Believing this would do the trick I was very disappointed to find my computer shutting off once again about an hour an a half into it's next session.

I called ASUS, they were unhelpful basically giving me the RMA then telling me that this replacement board for an older one that went to hell is no longer under warrenty.

Is this the board or CPU causing this?


----------



## Guest (Nov 28, 2007)

It has come to my attention that you might have a heat or voltage issue with your computer. We can not assume that it is one of these so we will go ahead and check. I would like you to download and install the program *Speedfan*. When you are done installing Speedfan open and look for 3 columns. One should have temperatures, the other should have voltages, and the last one should contain your fan speeds. When you have found this information please post to me in a column such as this: (Example)



> Temperatures
> 
> Temp1: 30 C
> Temp2: 60 C
> ...


If you are running on a *Dell Laptop* please follow these steps then post your temperatures, voltages, and fan speeds:


Open *Speedfan*
Click *Configure* on the *Main Screen*
Go to the *Options* Tab
*Check* the: "Enable DELL Support (use this function only on DELL notebooks)" check box
Click *Ok* then *Close* Speedfan
*Start* Speedfan once again

Then post your *temperatures*, *voltages*, and *fan speeds*.


----------



## aarono (Jul 22, 2004)

Temperatures:

Temp1: 30c
Temp2: 20c
Harddrives: 35-38


Voltage:
+5V: +5V
+3.3v: +3.3V

Fan Speeds:

Fan1: 7337 (hehe) RPM
Fan2: 5553 RPM
Fan3: 0 RPM (I can't find a fan that isn't spinning)

Note: I forgot to mention that after starting up following a crash the computers life isn't relatively short (15 Minutes). If I leave the computer to sit for an hour or two it goes back up to it's regular 2 hour span.


----------



## Guest (Nov 29, 2007)

It has come to my attention that you might have something physically wrong with your RAM. To check this we will use a program called, *Memtest86+*. Choose the choice I have put down in the picture below and download it to your desktop.

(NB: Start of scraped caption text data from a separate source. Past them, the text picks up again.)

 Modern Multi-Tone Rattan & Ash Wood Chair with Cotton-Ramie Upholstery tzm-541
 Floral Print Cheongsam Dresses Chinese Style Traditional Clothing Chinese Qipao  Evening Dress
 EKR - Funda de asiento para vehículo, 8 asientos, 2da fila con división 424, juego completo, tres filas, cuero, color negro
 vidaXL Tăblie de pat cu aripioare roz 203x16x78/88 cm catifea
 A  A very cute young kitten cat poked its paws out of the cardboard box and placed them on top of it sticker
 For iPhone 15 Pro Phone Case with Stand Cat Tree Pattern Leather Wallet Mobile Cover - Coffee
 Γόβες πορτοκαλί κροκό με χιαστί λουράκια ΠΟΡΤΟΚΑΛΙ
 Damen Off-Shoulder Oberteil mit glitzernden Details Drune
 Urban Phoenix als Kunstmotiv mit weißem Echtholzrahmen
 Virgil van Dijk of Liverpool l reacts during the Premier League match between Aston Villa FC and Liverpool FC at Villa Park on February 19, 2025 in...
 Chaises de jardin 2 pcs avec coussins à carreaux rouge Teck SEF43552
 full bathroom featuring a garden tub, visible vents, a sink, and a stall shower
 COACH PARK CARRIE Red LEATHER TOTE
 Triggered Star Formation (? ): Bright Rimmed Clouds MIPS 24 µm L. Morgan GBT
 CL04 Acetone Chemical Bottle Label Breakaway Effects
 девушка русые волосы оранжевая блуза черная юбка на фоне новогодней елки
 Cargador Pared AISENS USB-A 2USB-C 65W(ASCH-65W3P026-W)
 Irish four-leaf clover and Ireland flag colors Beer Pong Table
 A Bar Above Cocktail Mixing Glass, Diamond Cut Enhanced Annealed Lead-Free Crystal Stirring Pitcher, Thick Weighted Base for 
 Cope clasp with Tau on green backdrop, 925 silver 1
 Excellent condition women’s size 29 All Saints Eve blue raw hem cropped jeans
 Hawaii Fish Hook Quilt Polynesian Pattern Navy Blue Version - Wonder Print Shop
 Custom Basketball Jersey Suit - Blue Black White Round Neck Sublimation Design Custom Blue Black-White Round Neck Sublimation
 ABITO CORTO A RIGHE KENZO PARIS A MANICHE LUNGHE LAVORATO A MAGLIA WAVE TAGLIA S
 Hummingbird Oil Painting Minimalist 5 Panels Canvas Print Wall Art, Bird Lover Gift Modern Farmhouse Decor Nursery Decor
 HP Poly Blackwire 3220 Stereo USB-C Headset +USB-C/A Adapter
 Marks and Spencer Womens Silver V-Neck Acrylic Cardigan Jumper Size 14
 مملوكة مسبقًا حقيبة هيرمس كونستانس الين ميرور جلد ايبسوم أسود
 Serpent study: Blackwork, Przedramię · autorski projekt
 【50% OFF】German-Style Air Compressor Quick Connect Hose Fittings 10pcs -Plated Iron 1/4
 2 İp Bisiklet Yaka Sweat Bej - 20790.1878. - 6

Once you have downloaded it to your desktop, extract the file from the Zip folder and place the ISO file on your desktop. I would then like you to burn the ISO onto a CD-R, DVD-R, CD+R, or DVD+R using programs such as Nero, or a burning studio software. If you do not have such a program, then you can download and install the free program *Active ISO Burner*. You can then burn the ISO to the disk with this new program or your old program.

After you have burnt it to a disk you will have to set your BIOS to make you boot up from the CD Drive first. Restart your computer and at the first loading screen keep tapping either the F1, F2, F4, F6, F8, F10, F11, F12, or Delete keys to access the BIOS. If you can not get into the BIOS refer back to system documentation for further help with accessing it. When successfully accessed the BIOS look for something that says Boot Device Priority, or Boot Sequence. Set your CD Drive as first using the arrow keys or + and - keys.

After setting it to first insert your disk and restart the system. Start the test and let it run as it will take approximately one day. If you have more then one stick of RAM then please follow the below instructions:



> *If You Have More than One Stick of RAM*
> 
> If you have more than one stick of RAM, then remove all of the sticks except for one and do the test on them individually. This test will be 1 day per stick of RAM so if you have 2 sticks of RAM then the tests will take about two days. Change each stick when each stick test is finished with the other ones that have to be tested. You can remove a RAM stick by pressing down on the 2 clenches at its sides. Here is an example picture:


----------



## aarono (Jul 22, 2004)

*Computer has officially died*

A few days ago my computer would not even boot up. For a brief second I can see and hear rear fan start but stops immediately and computer remains dead. Any idea what went on here?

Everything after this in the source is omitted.